The poetry was what they offered their silent God: Judah has
gone into exile with suffering…she has been overtaken in the midst of her
distress. She weeps bitterly in the
night, with tears on her cheeks; among all her lovers she has no one to comfort
her. / [H]er downfall was appalling, with none to comfort her. / Zion stretched
out her hands, but there is no one to comfort her. / They heard how I was
groaning, with no one to comfort me.
They needed to know that there was someone out there who
could speak to their pain, who could make it come untrue. And God was silent, for so, so long. Silent but still with them; silent but close
enough to hear their prayers. The
heavens paused but God was listening. And
I know that because the word that broke the silence was the very word they
needed to hear; it was the answer to their desperate prayers: comfort, o
comfort my people.
In any other mouth “comfort” is just word. But in the mouth of the Creator it is a
destiny. God is speaking to their deepest
longing. God is making their pain a
memory and their hopes come true.
To a people living in the depths of despair hope is a
miracle. To a people languishing in
exile the promise of home is a miracle.
To a people haunted by the silence of Heaven to feel again the breath of
God is a miracle. The Gospel is a
miracle because it does not only speak about
salvation, it writes salvation into our story.

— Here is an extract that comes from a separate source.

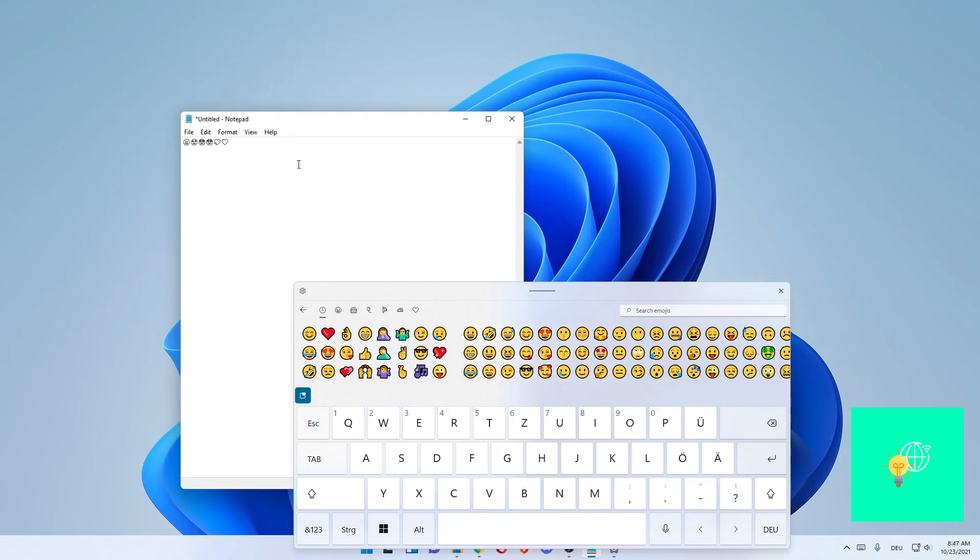That's essentially how you get your emoji keyboard in Windows 11. If this video helped you out, leave a like, comment, and subscribe. Bye.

The Gospel message today is so simple. God did not give the prophet a theological
treatise. People in pain do not need an
abundance of words. The good news was
packaged in a single word, a word so powerful that it changes everything:
Immanuel. Here is your God! Your God is here. Your God is with you.

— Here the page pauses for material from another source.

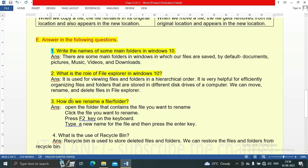Question three: how do we rename a file or folder? There are three steps. First, open the folder that contains the file you want to rename. Then click the file you want to rename and press the F2 key. Finally, type a new name for the file and press the Enter key.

Walter Brueggemann says, “Certainly the Babylonians, in their
arrogance, construed a world without [God].
Equally certain, the exiles in their despair construed a world without [God]. Now both imperial arrogance and exilic
despair are countered. [God] is present,
powerful, active; [God’s] presence changes everything.”[1]
God’s presence changes everything. You are not alone. You are never alone. This is the Gospel, the very Gospel that was
packaged in a single word, and on Christmas, in a single body. The Gospel that John borrowed from Isaiah,
that matches our Advent longing: Immanuel.
You are not forgotten. You are
not alone in your despair. You are not
alone in your pain. You are not alone in
your anxiety or your heartbreak or your doubt.
When the heavens are silent and when the nations rage, God is with
you.
And it is the truth even when you cannot believe it. It is the truth when you cannot see it. It is the truth when you cannot hear it. Silence is not absence; it never was.
After such a long silence, the message of comfort that found
a people living in despair was surprisingly brief. But for those who mourn in lonely exile it is
the only word that becomes a home. For
the displaced and the dislocated, for those short on hope and heavy with sighing,
for those who sit alone below the silent heavens, there is only one word that
sounds like salvation. And it is our Good
News, the promise of Advent, the name of our Christ: Immanuel. Here is your God. Your God is here. Your God is with you.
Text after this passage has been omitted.